HPE Ezmeral Data Fabric
Modern data management for your data-driven enterprise
+ show more
Accelerate business insights by operationalizing data and then exploit it across multiple use cases
Data related challenges
Meaningful business insight comes from integrating and connecting data across multiple sources, tools, and technologies. Only then can you deliver the right data to the right place at the right time.
Connecting data across multiple sources is an enormous challenge. Do you replicate it to different geographical locations? How can multiple use cases leverage the same data sets? How can you democratize data without impacting security, compliance, or locality regulations?
Traditional data management solutions struggle to keep pace with the growth of data and the changing requirements of today’s digital enterprise. That’s because they don’t scale well, have complex infrastructures for each system, and require workforce with specialized management skillsets. As a result, delivery of business initiatives come with a set of large challenges that are time consuming and expensive.

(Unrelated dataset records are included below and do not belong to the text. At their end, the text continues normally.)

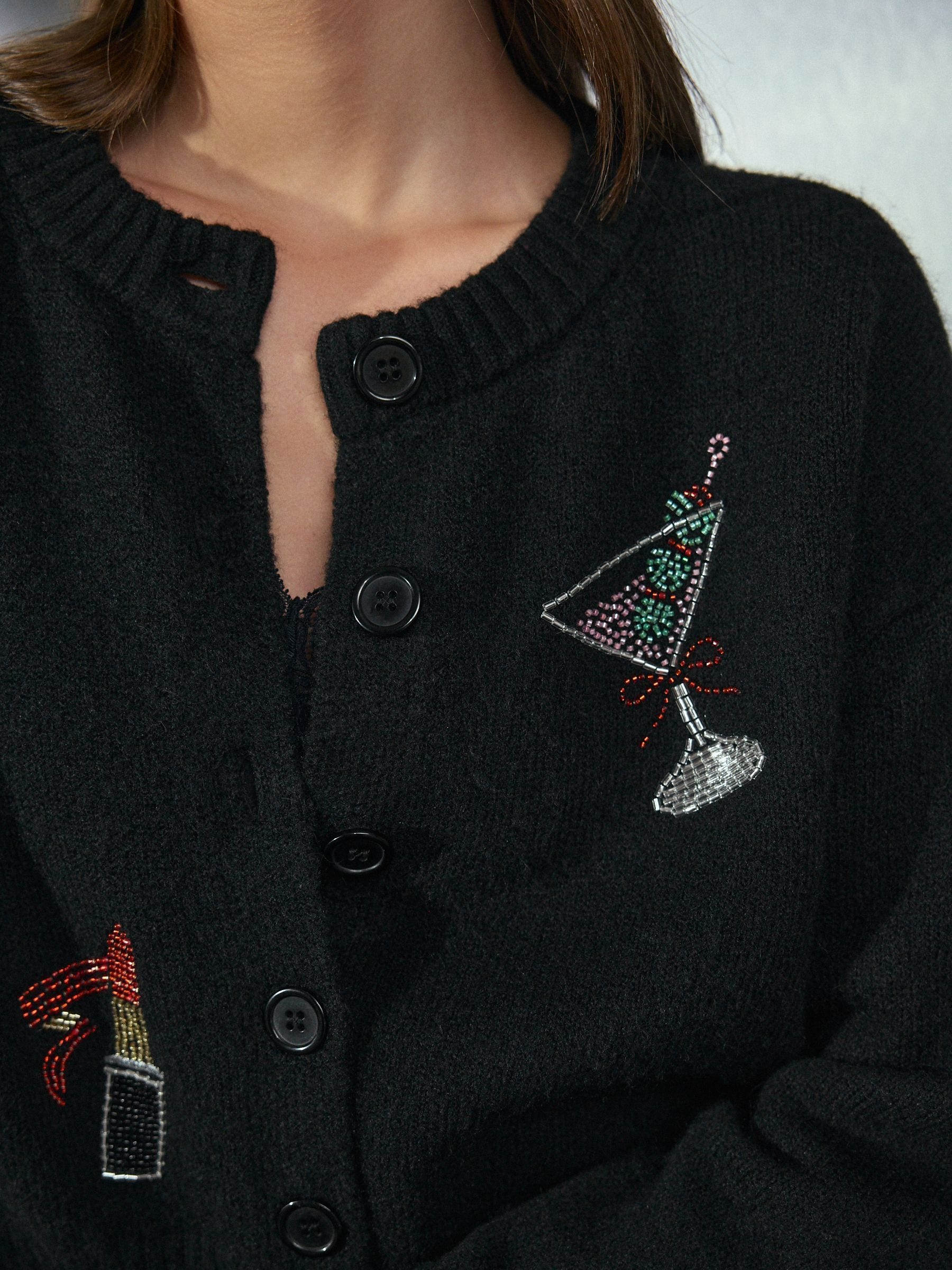 Zwarte geborduurde cocktailjurk - Gebreid vest met ronde hals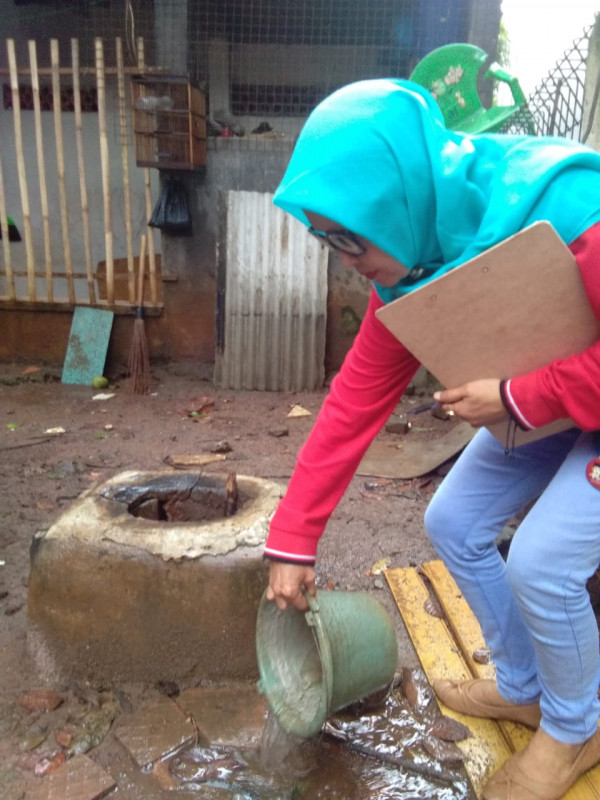 Team Jumantik melakukan pembuangan genangan air yang ada di ember bekas di pemukiman 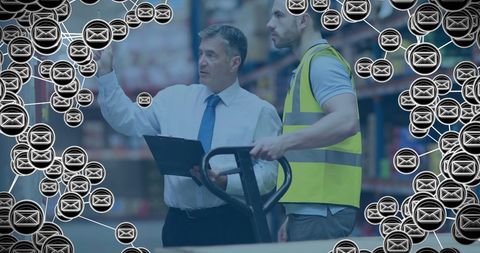 Warehouse Manager Discussing with Worker Amid Overlayed Digital Email Icons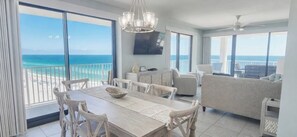 A spacious room with a large dining table, white furniture, and a balcony with a view of the ocean.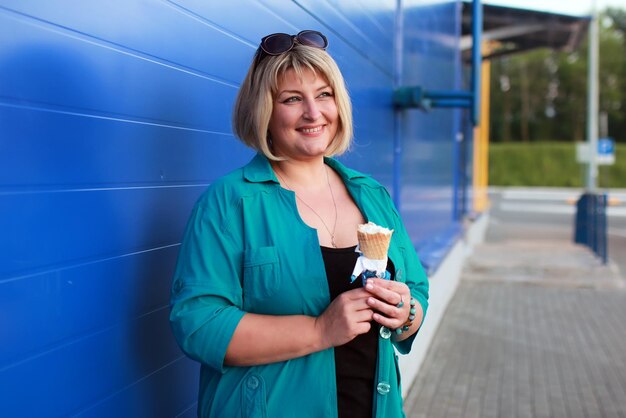 La donna bionda mangia il gelato all'aperto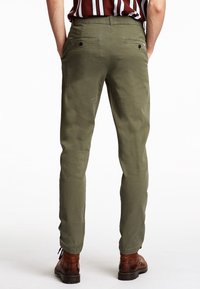 Olijfgroene broeken met een taps toelopend ontwerp, voorzien van twee achterzakken met knopen en een glad, lichtgewicht stof. G gedragen met bruine laarzen.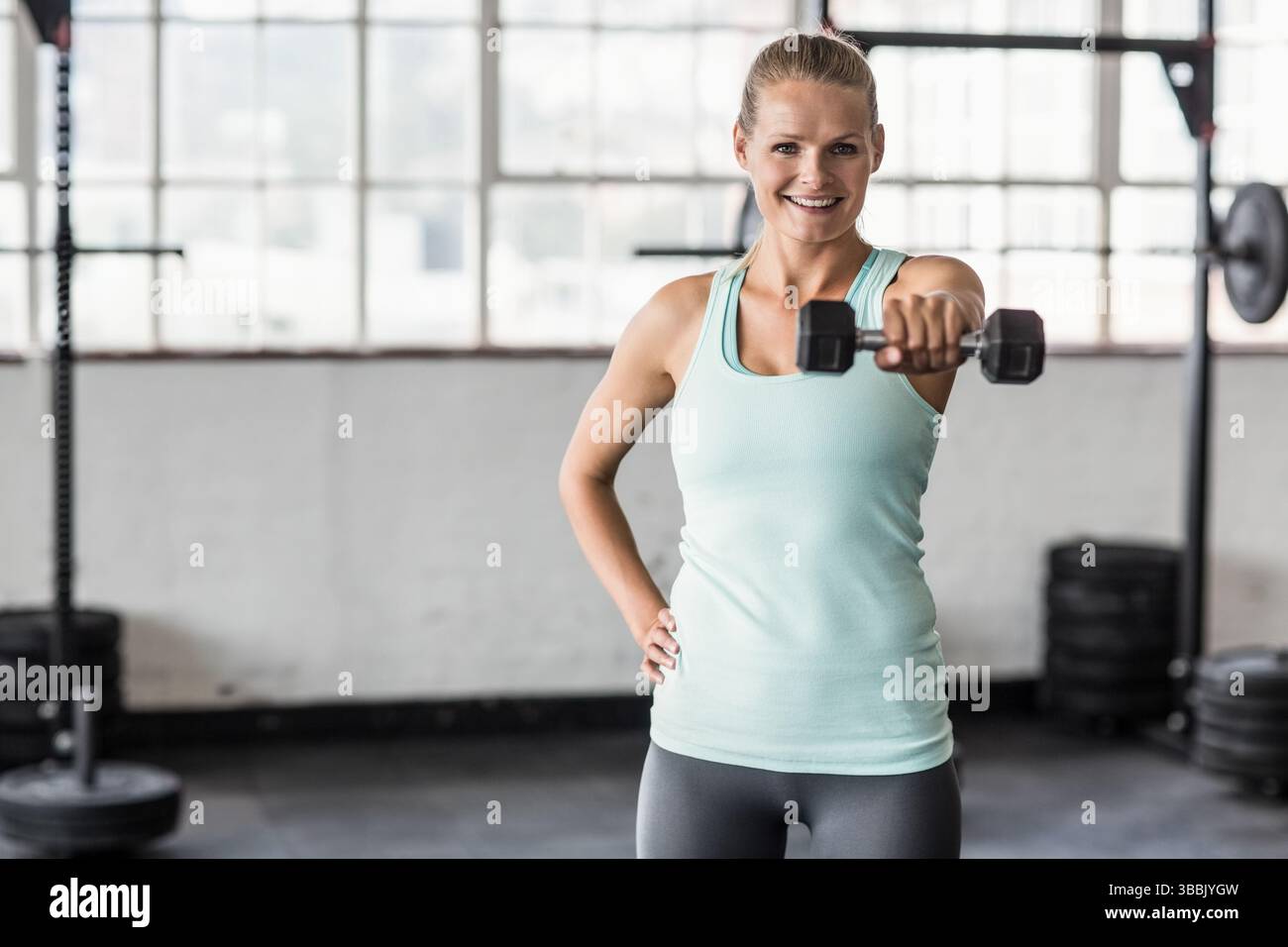 Hantel heben, Frau, die Schulterheben im Fitnessstudio mit Gitterfenstern, Stärke zeigt Stockfoto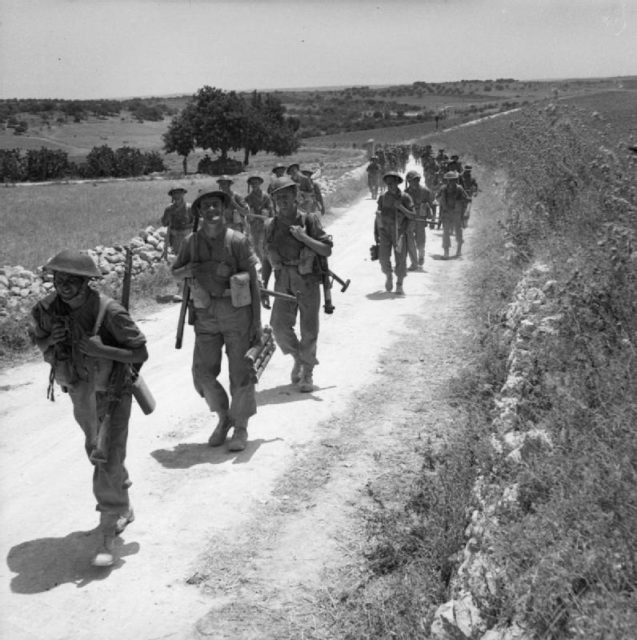 The British Army in Sicily 1943 Men of the 2nd Seaforth Highlanders advance along a road near Noto, 11 July 1943. [© IWM (NA 4306)]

The digital enterprise is responding with data modernization initiatives that include a modern data fabric allowing them to:
- Automate, curate, and orchestrate data across diverse sources
- Accelerate fit-for-purpose insights to business and technical users with self-service data access
- Enable global data sharing across peers, employees, partners, and customers
- Deliver consistent, real-time data to build modern API-based cloud-to-edge applications 1
Forrester reports that organizations without a data fabric strategy will spend more time and effort ingesting, integrating, curating, and securing their data. 2
HPE Ezmeral Data Fabric
Just as a loom weaves multiple threads into fabric, a modern data fabric unifies data from any source into a single database and then democratizes it with self-service access to trusted data. A data fabric operationalizes data, so it can be used across multiple use cases and processes no matter where the data is located.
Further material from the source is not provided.